For purposes of looking at timbre, I find sound/color synesthesia to be the most interesting. This is the type where people see colors (and colored shapes) with certain sounds. There have been many composers throughout history with this type of synesthesia, and I think it is particularly fascinating to look at their music with this in mind, as if offers a unique look into the way someone else perceives the world. One particularly fascinating instance of synesthesia that was actually incorporated into a composer’s work can be found in the symphonic tone-poem, Prometheus, by Alexander Scriabin.

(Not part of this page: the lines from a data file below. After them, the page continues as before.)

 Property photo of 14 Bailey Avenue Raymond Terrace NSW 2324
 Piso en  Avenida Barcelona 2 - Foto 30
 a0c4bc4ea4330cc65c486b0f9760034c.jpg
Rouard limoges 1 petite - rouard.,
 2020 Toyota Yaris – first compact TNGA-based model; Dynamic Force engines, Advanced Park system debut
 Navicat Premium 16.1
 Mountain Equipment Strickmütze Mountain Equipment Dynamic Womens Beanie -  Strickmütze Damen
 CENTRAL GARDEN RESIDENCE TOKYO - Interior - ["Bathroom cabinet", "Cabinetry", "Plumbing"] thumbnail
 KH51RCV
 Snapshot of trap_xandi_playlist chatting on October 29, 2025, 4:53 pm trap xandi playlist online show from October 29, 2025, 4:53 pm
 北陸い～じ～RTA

Scriabin was a Russian composer who lived from 1875 to 1915, and who is believed to have had synesthesia. Envisioned as a “symphony of sound,” his work Prometheus was also intended to be a “symphony of color-rays,” though it was conceived long before lighting technology had developed well enough to accommodate this. His was a revolutionary idea at the time and in my opinion, a brilliant one. Something that has always fascinated me about composition is the idea that we can hear sounds that these extraordinary composers heard in their minds before they immortalized them on paper. With Scriabin’s “color symphony,” we can not only hear what he heard, but also see what he saw in his mind’s eye.

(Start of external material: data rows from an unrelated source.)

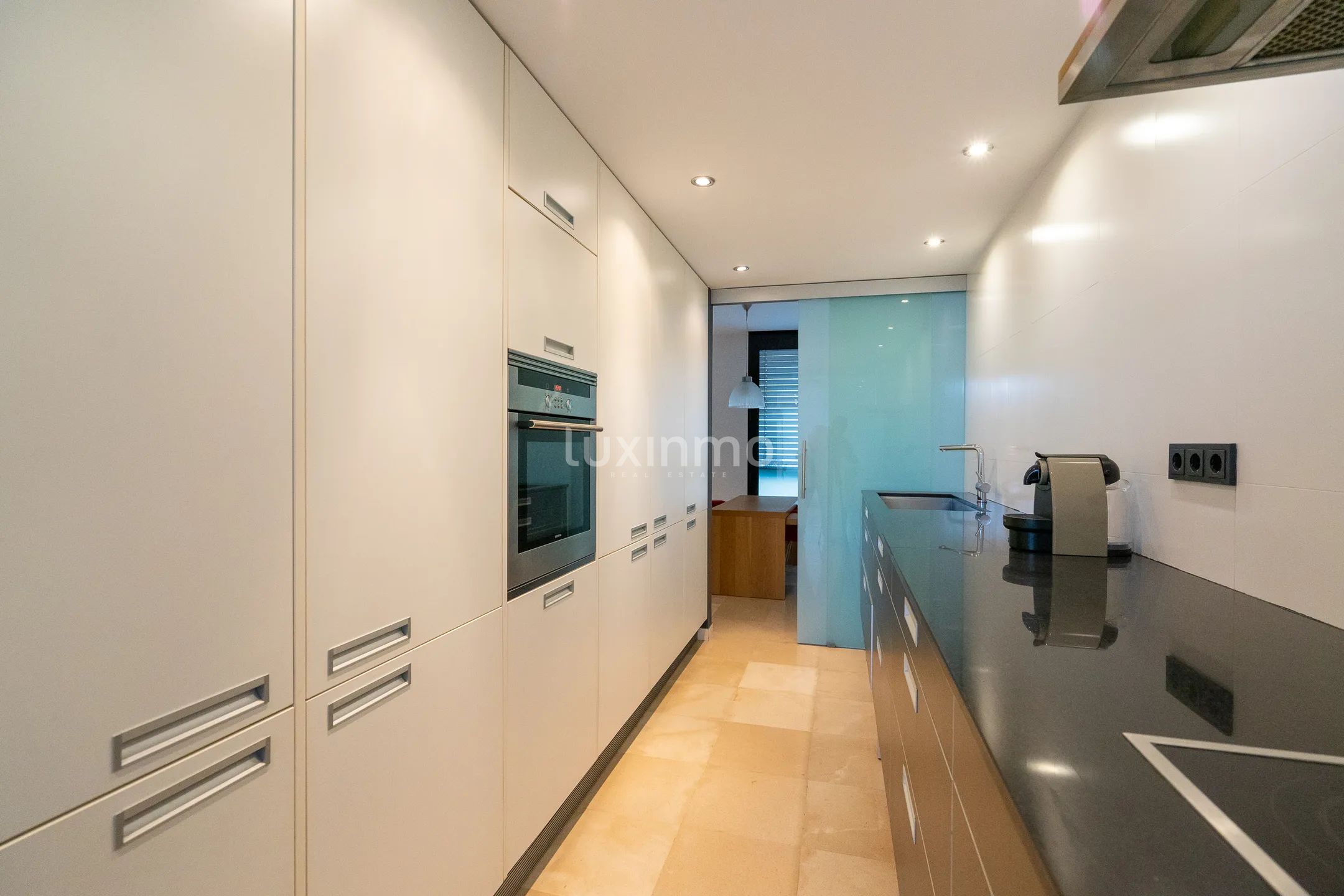 Encantador adosado de 3 dormitorios en Almoradí — photo 13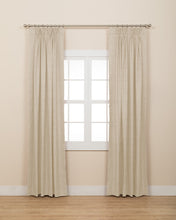 Görseli Galeri görüntüleyiciye yükleyin, Sampaio - Ventana Concept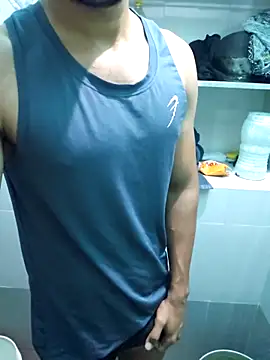 Tera daddy online show from March 8, 2025, 4:01 am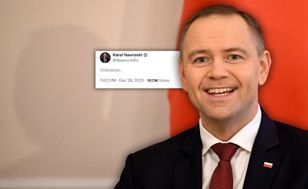 Chiny rozpoczynają manewry wojskowe wokół Tajwanu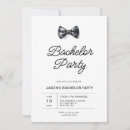 Search for formal event invitations Elegant
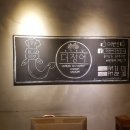 더장어
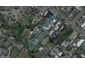 47A Hamilton Avenue, Ilam, Christchurch - Carousel 1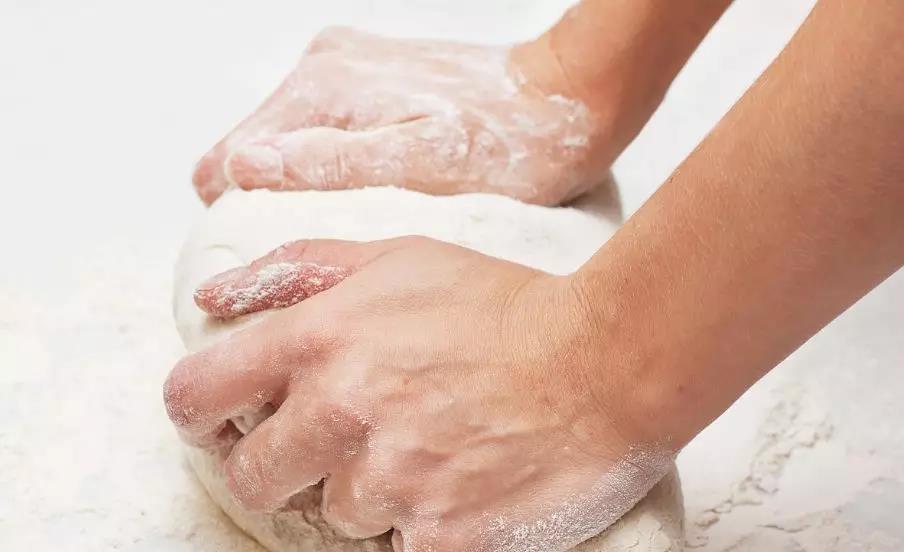 面食創(chuàng)業(yè) | 一年如何賣(mài)出400萬(wàn)？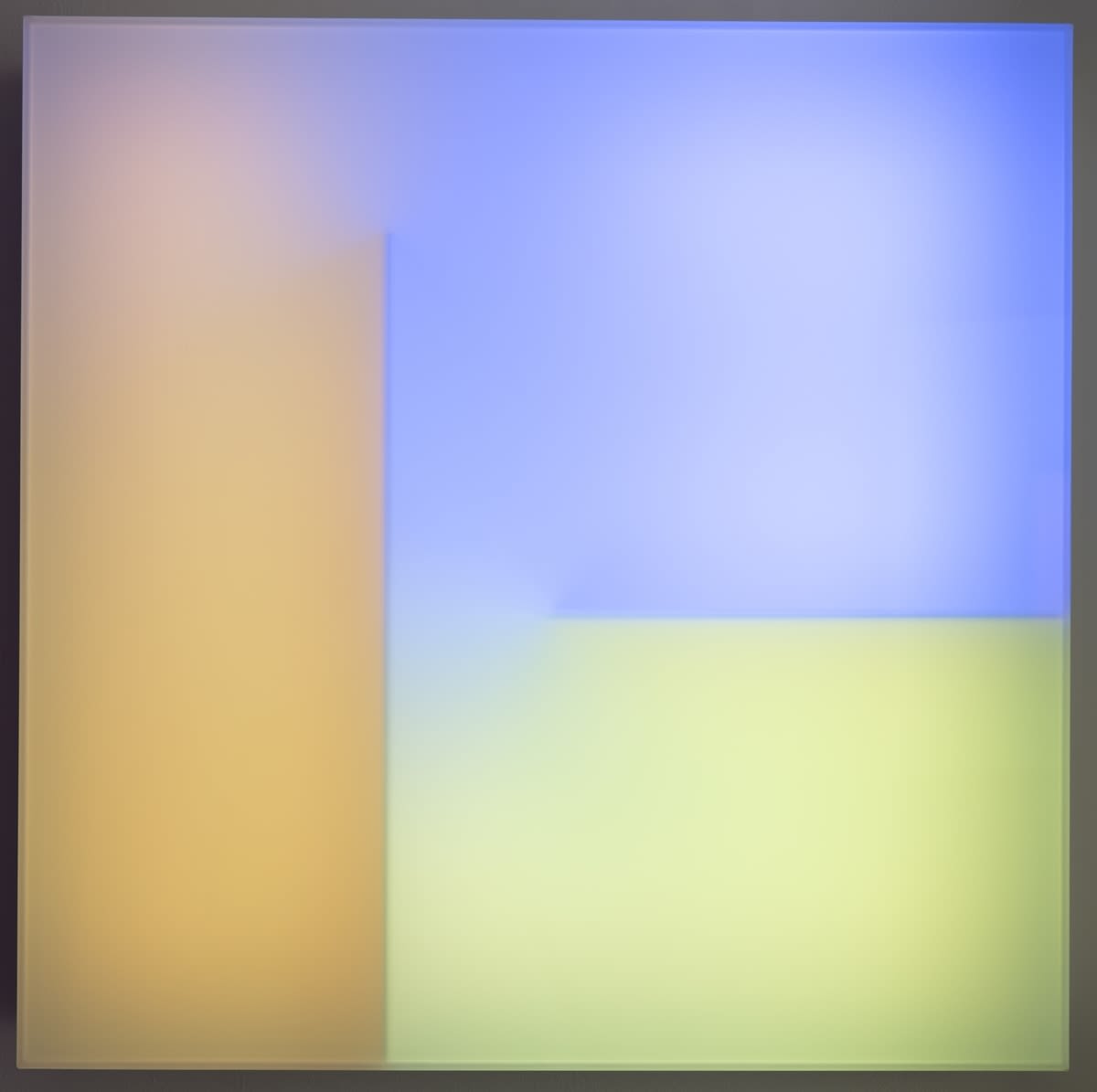 Brian Eno, Small Craft, 2016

There are (for obvious reasons) not a lot of great videos on YouTube that showcase both the audio and visual aspects of this work, but I’ve included a recording that originated as a graduate project on this work and it’s performance. The actual piece starts around 9:43. I encourage you to watch and see how the lighting affects your perception of the piece!

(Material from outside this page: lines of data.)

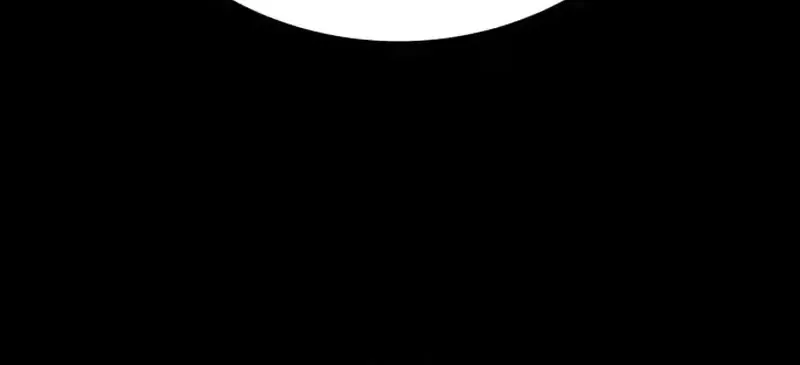 The World’s Strongest Fist Fighter, chapter 12, page 93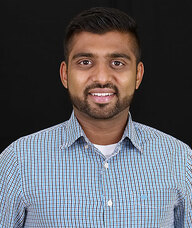 Book an Appointment with Dr. Brij Patel for Optometry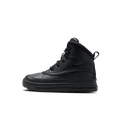 Nike Woodside 2 High Little Kids' Boots - Black/Black/Black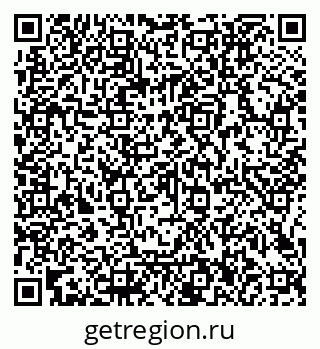 79066106182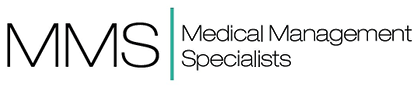 Medical Management Specialists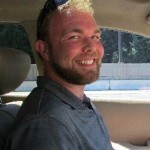 Più di 100 migliori influencer di WordPress da seguire su Twitter ben lobaugh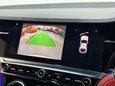 Bentley Continental 6.0 W12 GT Coupe 2dr Petrol Auto 4WD Euro 6 (635 ps) 44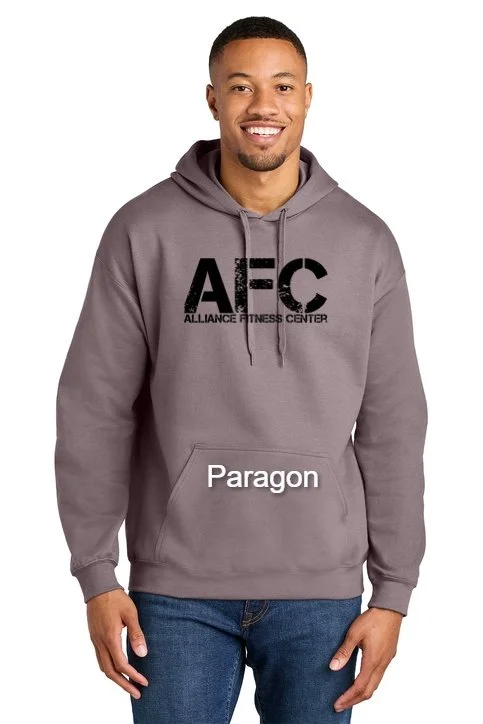 sf500 paragon (1).jpg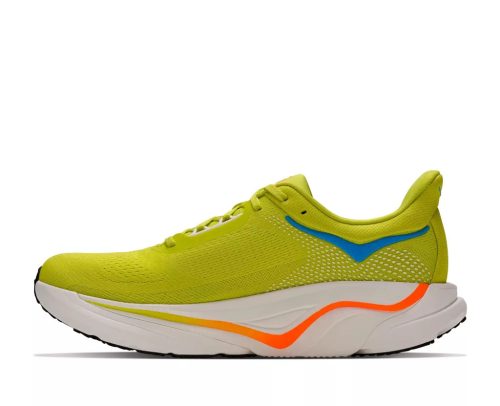 Hoka Arahi 9 (2E) férfi futócipő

I think combining music and lighting in this way an amazing idea, and that colors absolutely enhance the way one can perceive a piece of music. Even though we are not all synesthetes, we all experience some degree of sensory-connectivity just simply in order to make sense of our world (imagine your surprise if a small cricket hopped out of the grass and instead of chirping, bellowed!). Performing music with specific colored-light cues could offer a whole new perspective on the piece. And taking any piece of music and having someone create a color-scape for it would prove an interesting collaboration that might draw people into the world of classical music. We already describe music in visual terms; could we use color to enhance/explain complicated music? Would it draw people in, or make them more receptive?